First, there is the Government of Canada’s commitment to make available up to $800 million to support innovation networks and clusters as part of the Government’s upcoming Innovation Agenda.
Finance Minister Bill Morneau and the Government indicated they recognize the need to “catalyze private sector dynamism, generate greater value from public investments in innovation and enable the pursuit of ambitious initiatives that bring a critical mass of stakeholders together and connect their ideas to the marketplace.”

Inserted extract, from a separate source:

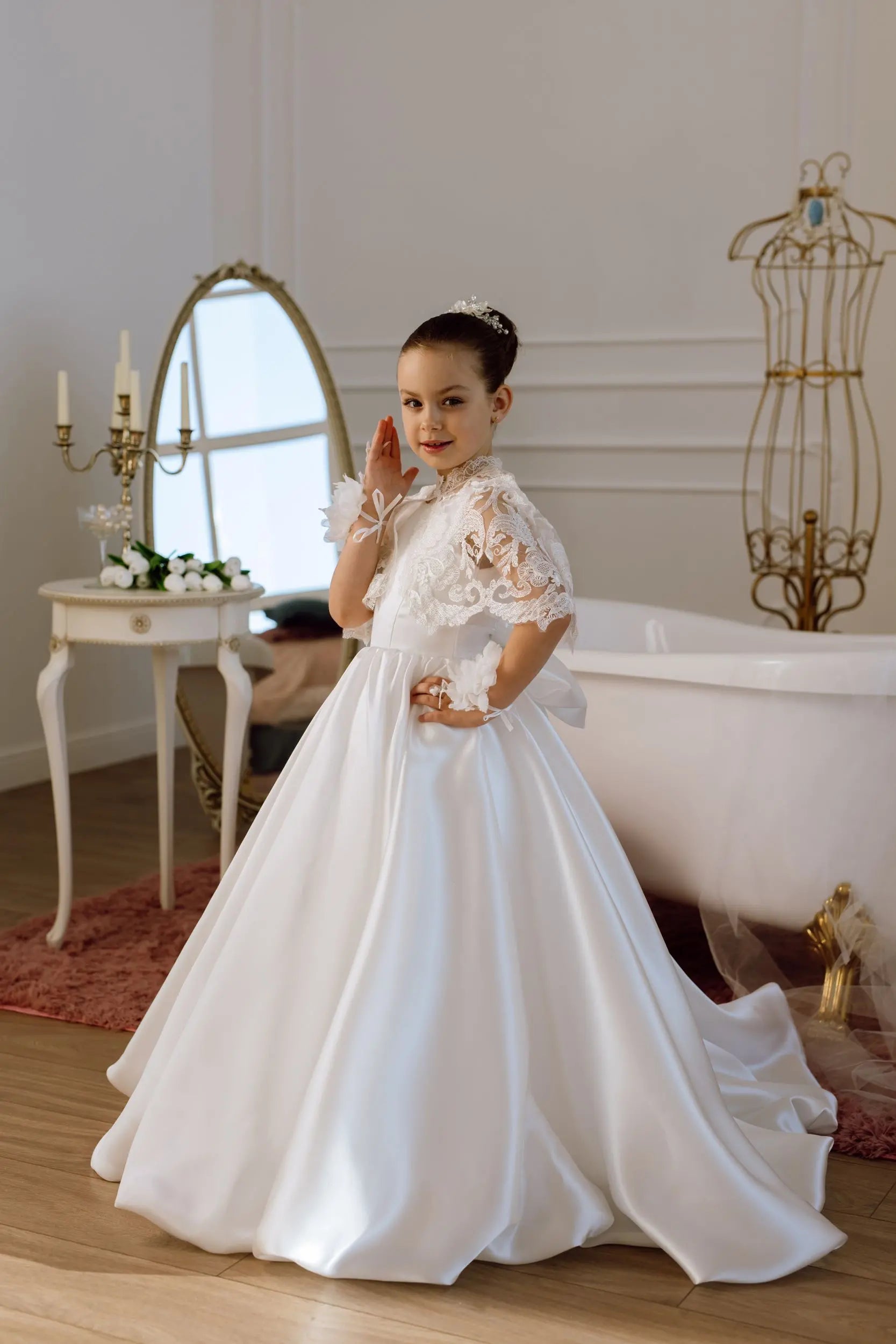 Adelina satin flower girl dress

This approach — catalyzing private sector dynamism — reflects the essence of the proposed Canadian Stem Cell Strategy, the privately led plan that unites all the players in Canada’s stem cell sector to deliver up to 10 new curative therapies within 10 years. Crafted in consultation with 150 scientists, doctors, leaders from health charities, industry experts and philanthropists, the Strategy calls for a one-third investment by the Government to be matched by two-thirds private and non-federal funds.
Second, Budget 2016 allocates $12 million over two years to support the Stem Cell Network in its research, training and outreach activities. The Network, whose funding was scheduled to end next year, aligns the efforts of stem cell scientists across Canada. Providing funding for the Network further strengthens the case for a comprehensive national strategy for stem cell R&D.
“Canada’s stem cell community appreciates the recognition in Budget 2016 and looks forward to working with the Government as it builds its Innovation Agenda,” says James Price, President & CEO of the Canadian Stem Cell Foundation. “The proposed Strategy will improve the health of Canadians, leverage our unique history and incredible experience in this sector and secure stem cell research in the next wave of modern medicine.”